Donnerstag, 16. Mai 2019

Wie man einen Toaster überlistet - Cory Doctorow


Titel: Wie man einen Toaster überlistet
Autor: Cory Doctorow
Originaltitel: Unauthorized Bread
Verlag: Heyne
ISBN: 978-3453320154
Euro: 12,00
Veröffentlichungsdatum: April 2019
Seiten: 176
Serie: nein
Come in: Verlag










Inhalt
Irgendwann in der nahen Zukunft kommt das Mädchen Salima als Flüchtling nach Amerika. Dort lernt sie die alleinerziehende somalischstämmige Mutter Nadifa kennen, mit der sie es schafft, eine begehrte Sozialwohnung in Boston zu ergattern. Dort jedoch gibt es eine Art Zweiklassensystem; Vollzahler im Hochhaus werden z.B. bei den Fahrstühlen bevorzugt. Die technischen Geräte wie Toaster oder Geschirrspüler können nur für bestimmte Produkte genutzt werden, die zu überteuerten Preisen an die Mieter verkauft werden. Salima findet eine Möglichkeit, das System zu umgehen und gibt dies auch an ihre Nachbarn weiter. Doch dann will die entsprechende Firma wieder auf den Markt und was Salima getan hat, ist streng verboten. Ihr geht auf, was es sie alle kosten könnte, wenn sie nicht schnell „Reset“ drücken. Doch niemand scheint dazu bereit.


Meinung
Mir ist die Rezension zu dieser kleinen, fein aufgemachten Novelle sehr schwer gefallen und ich hoffe, dass ich verständlich machen kann, was genau mich an der Zusammensetzung der Story stört. Im Grunde ist es schlicht die Tatsache, dass der Autor die Geschehnisse so gepresst hat, bis sie in sein, in das aktuelle, Weltbild gepasst haben. Das führte dann leider dazu, dass das eigentliche Thema unter dem anderen unterging, bestimmte Dinge keinen Sinn ergaben und zudem eine Grundstimmung in die Geschichte zog, die mir absolute Bauchschmerzen verursacht hat. Dass so eine eigentlich sehr gute Grundidee dann kein befriedigendes Ende nach sich ziehen kann, versteht sich fast von selbst.

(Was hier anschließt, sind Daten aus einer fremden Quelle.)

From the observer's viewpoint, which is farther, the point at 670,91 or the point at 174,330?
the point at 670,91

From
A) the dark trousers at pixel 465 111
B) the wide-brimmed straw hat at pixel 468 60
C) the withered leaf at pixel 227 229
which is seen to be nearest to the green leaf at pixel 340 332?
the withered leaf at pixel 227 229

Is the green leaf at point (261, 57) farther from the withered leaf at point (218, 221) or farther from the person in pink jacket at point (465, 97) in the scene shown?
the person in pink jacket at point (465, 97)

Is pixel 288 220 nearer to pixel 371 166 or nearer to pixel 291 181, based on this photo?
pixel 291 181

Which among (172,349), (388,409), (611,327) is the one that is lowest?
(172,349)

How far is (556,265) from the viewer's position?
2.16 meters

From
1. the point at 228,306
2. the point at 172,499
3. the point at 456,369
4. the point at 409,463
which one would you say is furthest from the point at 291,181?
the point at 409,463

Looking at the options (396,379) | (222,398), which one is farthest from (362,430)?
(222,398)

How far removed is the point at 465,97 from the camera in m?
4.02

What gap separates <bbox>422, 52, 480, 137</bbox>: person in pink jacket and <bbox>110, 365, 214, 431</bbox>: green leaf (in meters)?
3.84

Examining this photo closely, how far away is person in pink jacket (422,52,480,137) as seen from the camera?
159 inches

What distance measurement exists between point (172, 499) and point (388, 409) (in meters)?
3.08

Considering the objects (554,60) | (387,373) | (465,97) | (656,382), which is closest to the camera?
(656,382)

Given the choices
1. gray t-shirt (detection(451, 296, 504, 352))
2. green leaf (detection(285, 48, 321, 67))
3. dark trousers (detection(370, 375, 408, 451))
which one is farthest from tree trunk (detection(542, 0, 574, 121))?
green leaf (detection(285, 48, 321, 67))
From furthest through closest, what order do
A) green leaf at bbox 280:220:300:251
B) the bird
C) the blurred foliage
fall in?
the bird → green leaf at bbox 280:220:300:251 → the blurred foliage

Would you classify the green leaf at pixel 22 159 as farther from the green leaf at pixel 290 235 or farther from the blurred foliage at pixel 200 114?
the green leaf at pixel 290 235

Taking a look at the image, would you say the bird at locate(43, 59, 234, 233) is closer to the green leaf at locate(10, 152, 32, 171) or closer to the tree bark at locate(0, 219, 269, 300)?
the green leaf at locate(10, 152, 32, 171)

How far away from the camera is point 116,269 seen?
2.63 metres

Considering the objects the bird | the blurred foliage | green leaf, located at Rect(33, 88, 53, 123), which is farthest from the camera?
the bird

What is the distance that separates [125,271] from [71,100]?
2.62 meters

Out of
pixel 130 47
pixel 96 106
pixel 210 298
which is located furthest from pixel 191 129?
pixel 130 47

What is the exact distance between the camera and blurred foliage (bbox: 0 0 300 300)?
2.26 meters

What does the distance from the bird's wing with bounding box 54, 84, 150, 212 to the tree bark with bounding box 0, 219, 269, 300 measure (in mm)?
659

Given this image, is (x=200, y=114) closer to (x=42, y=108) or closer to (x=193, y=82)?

Zunächst ist da Salima, die eine Menge durchgemacht hat, bis sie endlich in besagte Wohnung ziehen kann. Auf dem Weg dahin begegnen dem Leser bereits am Rande technische Details, wie einige nicht funktionstüchtige Terminals oder Automaten, an denen Salima ihre Dokumente eingeben möchte. Später sitzt sie einmal in einem Restaurant, in dem das Essen an Fließbändern vorbeigefahren kommt. Solche Dinge erinnern leider stark an Sechzigerjahre-Filme und vermitteln damit ein eher rückständiges Bild.

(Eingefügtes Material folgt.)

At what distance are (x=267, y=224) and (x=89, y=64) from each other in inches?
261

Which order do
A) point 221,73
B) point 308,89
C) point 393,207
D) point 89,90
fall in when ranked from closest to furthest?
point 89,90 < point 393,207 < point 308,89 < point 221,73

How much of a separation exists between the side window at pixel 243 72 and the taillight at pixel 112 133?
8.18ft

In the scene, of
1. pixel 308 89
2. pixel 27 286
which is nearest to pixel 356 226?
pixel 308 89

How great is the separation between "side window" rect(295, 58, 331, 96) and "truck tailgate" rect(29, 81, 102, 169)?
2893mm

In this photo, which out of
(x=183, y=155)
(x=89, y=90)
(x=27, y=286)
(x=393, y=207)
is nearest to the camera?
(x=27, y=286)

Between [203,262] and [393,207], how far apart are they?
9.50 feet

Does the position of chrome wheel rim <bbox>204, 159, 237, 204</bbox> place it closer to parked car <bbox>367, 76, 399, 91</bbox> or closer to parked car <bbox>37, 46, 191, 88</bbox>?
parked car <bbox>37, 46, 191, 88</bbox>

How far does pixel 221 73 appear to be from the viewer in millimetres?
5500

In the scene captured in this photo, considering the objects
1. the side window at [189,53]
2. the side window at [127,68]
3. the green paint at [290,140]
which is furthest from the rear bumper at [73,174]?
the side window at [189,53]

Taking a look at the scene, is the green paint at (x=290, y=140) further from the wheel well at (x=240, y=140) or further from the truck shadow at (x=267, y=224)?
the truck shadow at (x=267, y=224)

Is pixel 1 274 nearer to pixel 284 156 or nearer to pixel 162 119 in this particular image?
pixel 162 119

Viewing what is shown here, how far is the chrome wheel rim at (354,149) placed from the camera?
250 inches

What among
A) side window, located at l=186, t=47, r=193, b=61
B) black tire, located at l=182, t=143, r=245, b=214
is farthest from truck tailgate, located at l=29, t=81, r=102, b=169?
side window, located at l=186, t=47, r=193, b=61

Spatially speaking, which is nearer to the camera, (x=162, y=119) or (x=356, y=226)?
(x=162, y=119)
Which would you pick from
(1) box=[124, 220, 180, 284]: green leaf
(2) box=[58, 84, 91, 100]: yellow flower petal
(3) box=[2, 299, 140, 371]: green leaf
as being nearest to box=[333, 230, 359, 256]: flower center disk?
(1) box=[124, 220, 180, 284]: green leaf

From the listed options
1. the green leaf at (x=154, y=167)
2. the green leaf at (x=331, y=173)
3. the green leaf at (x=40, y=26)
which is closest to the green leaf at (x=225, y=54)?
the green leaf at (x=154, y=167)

Das ändert sich erst, als Salima in ihre kleine, feine Wohnung zieht. Dort gibt es einige technische Geräte wie einen Toaster, Kühlschrank, Geschirrspüler. Allerdings ist zu erwähnen, dass man sich keinen Toaster mit zwei Schlitzen vorstellen darf, das besagte Gerät ist mehr eine Art kleiner Backofen, da diverse Dinge darin zubereitet werden, die in einen normalen Toaster nicht zubereitet werden können. In etwa wärmt sich Salima Fertigessen darin auf, eine Nachbarin backt kleine Küchlein darin. Das ändert schon ziemlich viel, wie ich finde. Denn ohne Toaster auskommen, ist nicht das Problem bzw. dieses aufzubauschen mit dem wiederkehrenden Hinweis, dann würden einige Leute verhungern, zieht einfach nicht.

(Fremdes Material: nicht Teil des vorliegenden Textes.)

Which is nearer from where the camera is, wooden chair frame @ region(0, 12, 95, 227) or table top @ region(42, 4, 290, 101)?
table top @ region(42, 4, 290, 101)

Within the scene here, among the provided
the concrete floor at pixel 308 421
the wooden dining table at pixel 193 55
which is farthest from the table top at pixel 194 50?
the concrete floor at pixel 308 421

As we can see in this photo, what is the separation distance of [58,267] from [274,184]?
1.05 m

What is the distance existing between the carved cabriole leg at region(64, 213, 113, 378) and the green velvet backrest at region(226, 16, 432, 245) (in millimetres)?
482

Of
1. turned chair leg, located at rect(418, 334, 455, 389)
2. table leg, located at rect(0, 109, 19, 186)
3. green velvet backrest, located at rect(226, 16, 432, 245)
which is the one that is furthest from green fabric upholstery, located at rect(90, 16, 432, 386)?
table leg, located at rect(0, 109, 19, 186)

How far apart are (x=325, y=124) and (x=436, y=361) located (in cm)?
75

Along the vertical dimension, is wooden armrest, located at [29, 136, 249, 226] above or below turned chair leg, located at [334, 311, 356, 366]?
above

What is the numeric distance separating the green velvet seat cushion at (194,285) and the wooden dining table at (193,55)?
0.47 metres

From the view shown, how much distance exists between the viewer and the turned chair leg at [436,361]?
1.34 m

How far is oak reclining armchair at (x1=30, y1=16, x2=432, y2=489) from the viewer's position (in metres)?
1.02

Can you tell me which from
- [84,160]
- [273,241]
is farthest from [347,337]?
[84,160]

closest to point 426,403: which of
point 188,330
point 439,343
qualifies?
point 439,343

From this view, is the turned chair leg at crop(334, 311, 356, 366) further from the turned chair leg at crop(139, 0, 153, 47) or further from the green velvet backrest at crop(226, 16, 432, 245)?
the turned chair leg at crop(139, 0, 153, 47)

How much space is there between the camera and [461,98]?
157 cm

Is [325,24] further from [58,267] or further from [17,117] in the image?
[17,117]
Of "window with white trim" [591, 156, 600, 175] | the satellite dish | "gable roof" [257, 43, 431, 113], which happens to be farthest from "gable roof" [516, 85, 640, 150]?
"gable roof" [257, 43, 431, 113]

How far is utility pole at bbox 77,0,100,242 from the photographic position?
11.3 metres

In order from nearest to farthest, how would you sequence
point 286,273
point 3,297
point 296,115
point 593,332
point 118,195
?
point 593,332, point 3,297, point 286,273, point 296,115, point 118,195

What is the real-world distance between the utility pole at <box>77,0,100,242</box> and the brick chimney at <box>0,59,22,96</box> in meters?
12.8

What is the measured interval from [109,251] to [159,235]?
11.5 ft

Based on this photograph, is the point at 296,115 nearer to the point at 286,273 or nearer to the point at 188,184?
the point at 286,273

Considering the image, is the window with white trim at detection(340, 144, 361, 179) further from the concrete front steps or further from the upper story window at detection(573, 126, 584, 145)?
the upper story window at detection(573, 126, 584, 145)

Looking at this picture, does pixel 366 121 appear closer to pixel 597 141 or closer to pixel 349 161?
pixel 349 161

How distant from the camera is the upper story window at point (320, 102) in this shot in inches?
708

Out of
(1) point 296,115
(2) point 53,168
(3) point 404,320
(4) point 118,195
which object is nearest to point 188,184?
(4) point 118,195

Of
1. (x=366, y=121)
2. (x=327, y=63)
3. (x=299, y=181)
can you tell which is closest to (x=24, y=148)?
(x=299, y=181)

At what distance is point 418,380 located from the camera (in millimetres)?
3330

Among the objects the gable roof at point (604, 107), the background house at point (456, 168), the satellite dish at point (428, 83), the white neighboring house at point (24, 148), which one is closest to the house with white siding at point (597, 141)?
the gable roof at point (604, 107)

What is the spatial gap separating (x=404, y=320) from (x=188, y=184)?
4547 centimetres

Das eigentliche Hindernis in der Benutzung dieser Geräte besteht schlicht darin, dass bestimmte Marken beim Brothersteller, dem Geschirr oder Waschmittel etc. benutzt werden müssen, da die Geräte sonst ihre Funktion einstellen. Beliefert wird der Kunde automatisch, allerdings nur zu dem vom Hersteller vorgeschriebenen Preis. Da die Geräte vorinstalliert sind, sind sie erst einmal auch zu nutzen. Die meisten Mieter haben ohnehin kein Geld, um sich anderweitig auszustatten. Auf die einfachste Möglichkeit, die Geräte gar nicht zu nutzen, geht Doctorow leider nicht ein (was würde es bedeuten, wenn man dazu gezwungen würde per Mietvertrag?). Es verhungert niemand, wenn er keinen Toaster oder Backofen hat (glaubt mir, ich besitze selbst beides nicht), es verelendet niemand, wenn er keinen Geschirrspüler nutzt (auch den besitze ich nicht). Anders sieht es bei Kühlschrank oder Waschmaschine aus.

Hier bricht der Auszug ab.